**Exercise requirements:** Each record should reappear exactly in your answer, minus any picture.

**Saved entries:**
»»
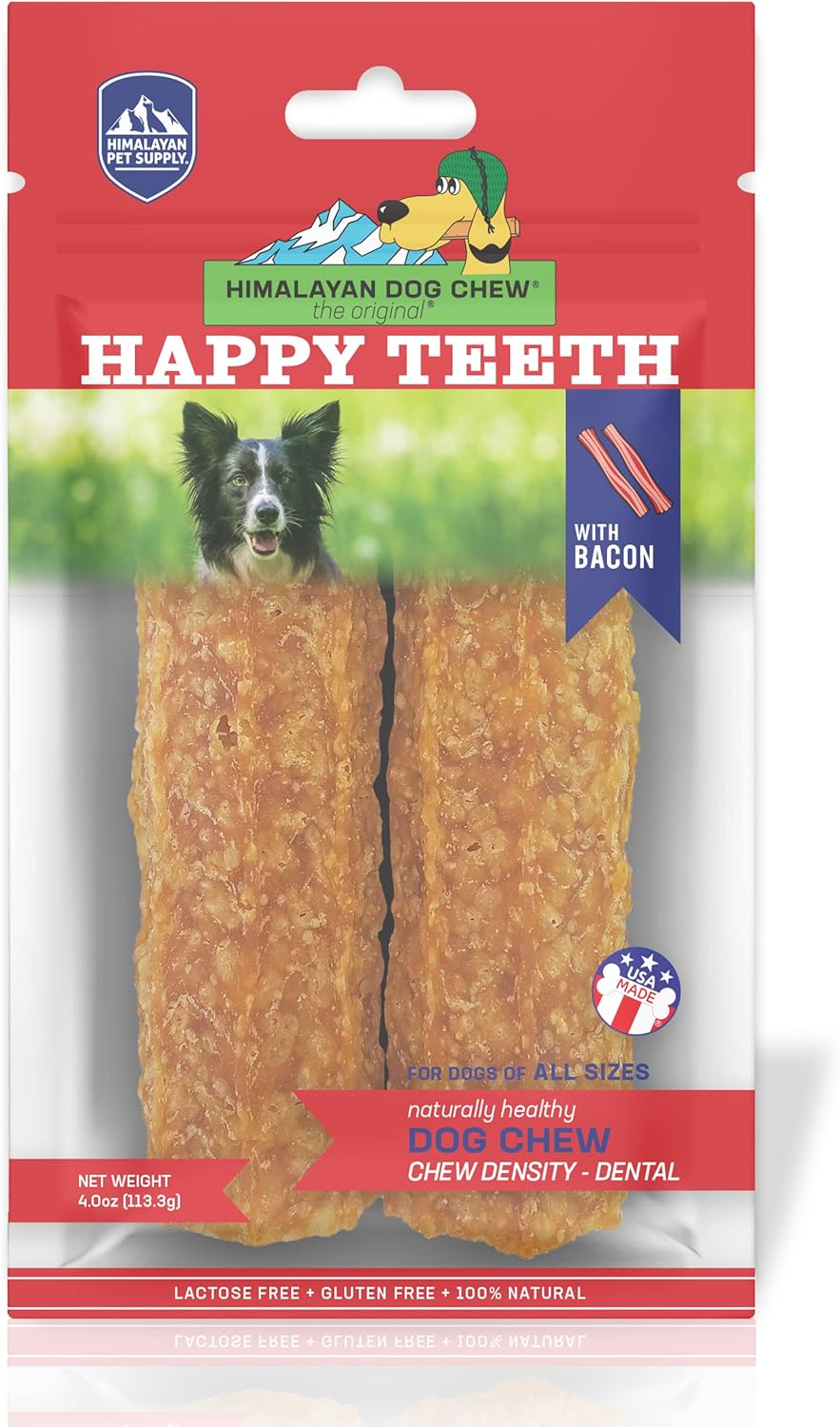 Himalayan Dog Chew Happy Teeth Yak Cheese, Soft Dog Chews, 100% Natural Soft Density Dental Treats, Gluten Free, Safe Treats for Oral Health, Lactose & Grain Free, Protein Rich, Bacon, 2 Count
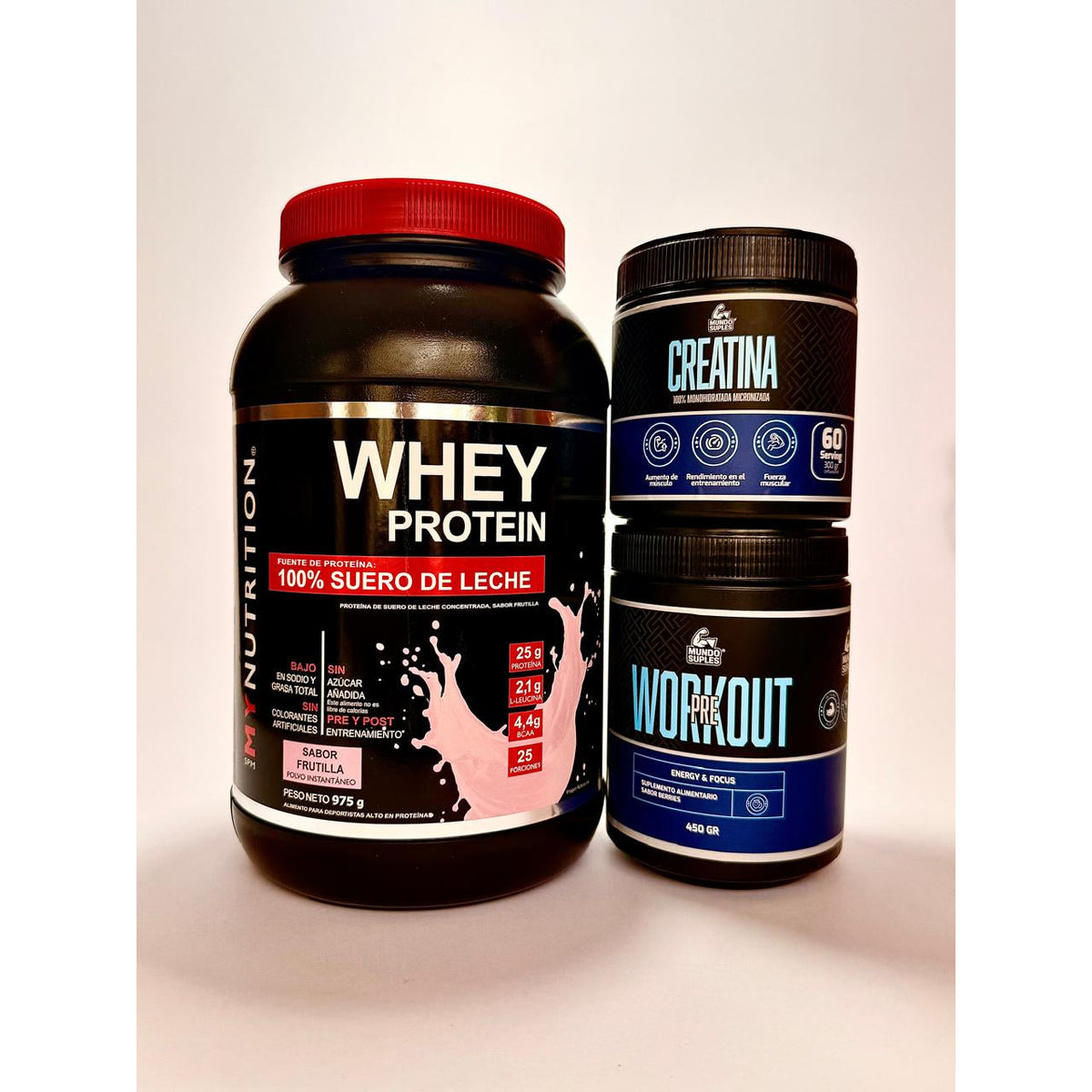 Pack Hipertrofia Explosiva - Whey Protein + Creatina + Pre Entreno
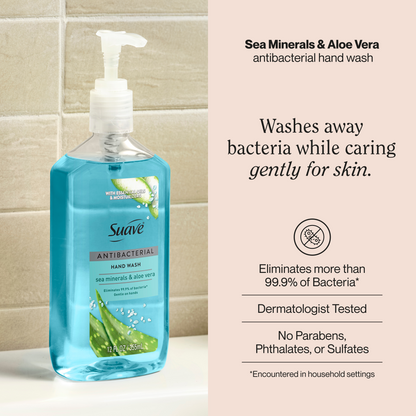 Suave Antibacterial Hand Wash, Sea Minerals & Aloe, Kills 99.9% of Bacteria, Gentle & Moisturizing Liquid Soap for Kitchen & Bathroom, 12 FL OZ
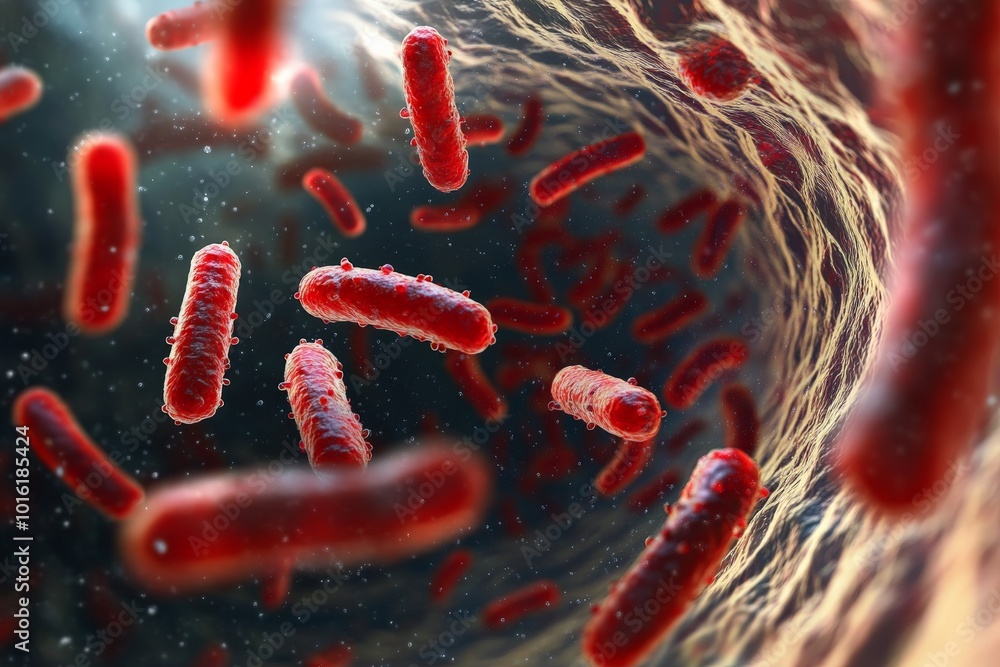 Poster Visualization of red bacteria flowing through an illuminated tubular artery-like structure, capturing health implications and scientific research within art.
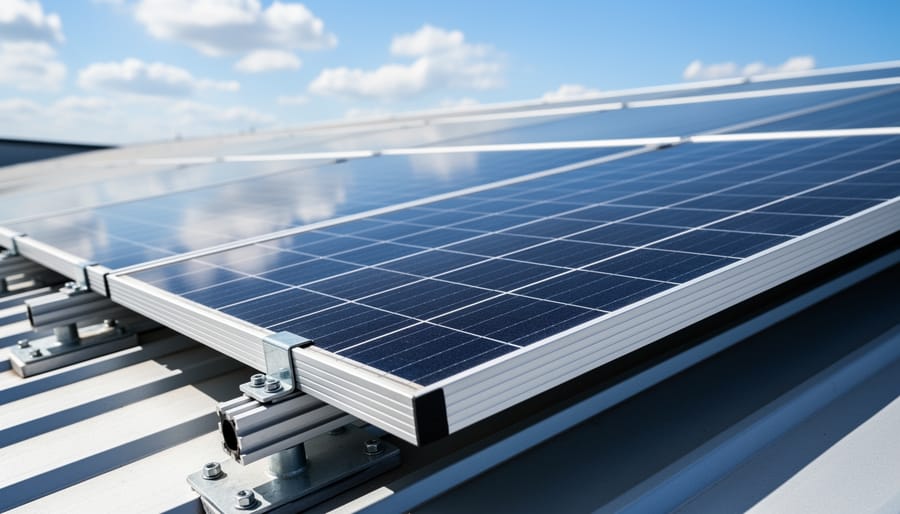 Close-up of solar panel surface showing individual photovoltaic cells and gridlines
««
**Task solution:**
 Himalayan Dog Chew Happy Teeth Yak Cheese, Soft Dog Chews, 100% Natural Soft Density Dental Treats, Gluten Free, Safe Treats for Oral Health, Lactose & Grain Free, Protein Rich, Bacon, 2 Count
 Pack Hipertrofia Explosiva - Whey Protein + Creatina + Pre Entreno
 Suave Antibacterial Hand Wash, Sea Minerals & Aloe, Kills 99.9% of Bacteria, Gentle & Moisturizing Liquid Soap for Kitchen & Bathroom, 12 FL OZ
 Poster Visualization of red bacteria flowing through an illuminated tubular artery-like structure, capturing health implications and scientific research within art.
 Close-up of solar panel surface showing individual photovoltaic cells and gridlines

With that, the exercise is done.